* [PROBLEM REQUIREMENTS] Please retype the records below exactly as they stand.

(Dataset entries)
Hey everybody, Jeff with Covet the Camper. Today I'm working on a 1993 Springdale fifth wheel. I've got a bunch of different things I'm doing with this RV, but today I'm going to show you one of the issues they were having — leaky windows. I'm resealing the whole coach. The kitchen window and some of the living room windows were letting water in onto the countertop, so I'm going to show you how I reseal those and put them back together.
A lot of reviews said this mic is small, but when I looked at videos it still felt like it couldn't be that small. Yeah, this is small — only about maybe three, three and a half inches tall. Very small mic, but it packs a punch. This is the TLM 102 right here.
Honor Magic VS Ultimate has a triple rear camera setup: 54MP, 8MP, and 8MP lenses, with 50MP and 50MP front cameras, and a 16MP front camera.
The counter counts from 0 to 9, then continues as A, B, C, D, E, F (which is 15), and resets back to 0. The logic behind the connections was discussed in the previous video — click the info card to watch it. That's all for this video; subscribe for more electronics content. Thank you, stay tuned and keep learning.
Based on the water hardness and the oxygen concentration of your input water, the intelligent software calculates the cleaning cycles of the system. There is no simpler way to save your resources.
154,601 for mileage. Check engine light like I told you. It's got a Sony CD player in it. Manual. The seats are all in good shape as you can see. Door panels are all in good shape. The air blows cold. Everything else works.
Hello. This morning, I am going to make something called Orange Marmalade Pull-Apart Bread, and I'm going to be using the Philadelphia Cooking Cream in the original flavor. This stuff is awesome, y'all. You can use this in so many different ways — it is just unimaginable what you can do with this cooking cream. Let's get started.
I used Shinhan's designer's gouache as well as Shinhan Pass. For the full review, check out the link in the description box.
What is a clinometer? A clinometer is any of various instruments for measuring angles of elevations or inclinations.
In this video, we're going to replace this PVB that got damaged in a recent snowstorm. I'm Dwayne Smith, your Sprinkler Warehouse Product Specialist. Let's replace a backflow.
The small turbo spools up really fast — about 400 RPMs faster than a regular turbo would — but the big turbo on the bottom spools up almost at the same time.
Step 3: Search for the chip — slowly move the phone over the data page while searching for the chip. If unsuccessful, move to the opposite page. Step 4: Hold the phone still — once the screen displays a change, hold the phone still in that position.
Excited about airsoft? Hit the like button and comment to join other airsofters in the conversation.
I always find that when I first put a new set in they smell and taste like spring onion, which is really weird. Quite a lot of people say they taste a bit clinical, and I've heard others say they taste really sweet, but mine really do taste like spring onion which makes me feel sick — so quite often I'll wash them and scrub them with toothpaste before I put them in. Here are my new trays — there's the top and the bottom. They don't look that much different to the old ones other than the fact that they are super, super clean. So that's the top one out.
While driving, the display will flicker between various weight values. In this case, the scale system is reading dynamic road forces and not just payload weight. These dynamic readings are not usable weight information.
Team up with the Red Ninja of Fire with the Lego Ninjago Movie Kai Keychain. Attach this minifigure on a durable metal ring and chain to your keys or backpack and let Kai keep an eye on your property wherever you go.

* [YOUR RESPONSE]
Hey everybody, Jeff with Covet the Camper. Today I'm working on a 1993 Springdale fifth wheel. I've got a bunch of different things I'm doing with this RV, but today I'm going to show you one of the issues they were having — leaky windows. I'm resealing the whole coach. The kitchen window and some of the living room windows were letting water in onto the countertop, so I'm going to show you how I reseal those and put them back together.
A lot of reviews said this mic is small, but when I looked at videos it still felt like it couldn't be that small. Yeah, this is small — only about maybe three, three and a half inches tall. Very small mic, but it packs a punch. This is the TLM 102 right here.
Honor Magic VS Ultimate has a triple rear camera setup: 54MP, 8MP, and 8MP lenses, with 50MP and 50MP front cameras, and a 16MP front camera.
The counter counts from 0 to 9, then continues as A, B, C, D, E, F (which is 15), and resets back to 0. The logic behind the connections was discussed in the previous video — click the info card to watch it. That's all for this video; subscribe for more electronics content. Thank you, stay tuned and keep learning.
Based on the water hardness and the oxygen concentration of your input water, the intelligent software calculates the cleaning cycles of the system. There is no simpler way to save your resources.
154,601 for mileage. Check engine light like I told you. It's got a Sony CD player in it. Manual. The seats are all in good shape as you can see. Door panels are all in good shape. The air blows cold. Everything else works.
Hello. This morning, I am going to make something called Orange Marmalade Pull-Apart Bread, and I'm going to be using the Philadelphia Cooking Cream in the original flavor. This stuff is awesome, y'all. You can use this in so many different ways — it is just unimaginable what you can do with this cooking cream. Let's get started.
I used Shinhan's designer's gouache as well as Shinhan Pass. For the full review, check out the link in the description box.
What is a clinometer? A clinometer is any of various instruments for measuring angles of elevations or inclinations.
In this video, we're going to replace this PVB that got damaged in a recent snowstorm. I'm Dwayne Smith, your Sprinkler Warehouse Product Specialist. Let's replace a backflow.
The small turbo spools up really fast — about 400 RPMs faster than a regular turbo would — but the big turbo on the bottom spools up almost at the same time.
Step 3: Search for the chip — slowly move the phone over the data page while searching for the chip. If unsuccessful, move to the opposite page. Step 4: Hold the phone still — once the screen displays a change, hold the phone still in that position.
Excited about airsoft? Hit the like button and comment to join other airsofters in the conversation.
I always find that when I first put a new set in they smell and taste like spring onion, which is really weird. Quite a lot of people say they taste a bit clinical, and I've heard others say they taste really sweet, but mine really do taste like spring onion which makes me feel sick — so quite often I'll wash them and scrub them with toothpaste before I put them in. Here are my new trays — there's the top and the bottom. They don't look that much different to the old ones other than the fact that they are super, super clean. So that's the top one out.
While driving, the display will flicker between various weight values. In this case, the scale system is reading dynamic road forces and not just payload weight. These dynamic readings are not usable weight information.
Team up with the Red Ninja of Fire with the Lego Ninjago Movie Kai Keychain. Attach this minifigure on a durable metal ring and chain to your keys or backpack and let Kai keep an eye on your property wherever you go.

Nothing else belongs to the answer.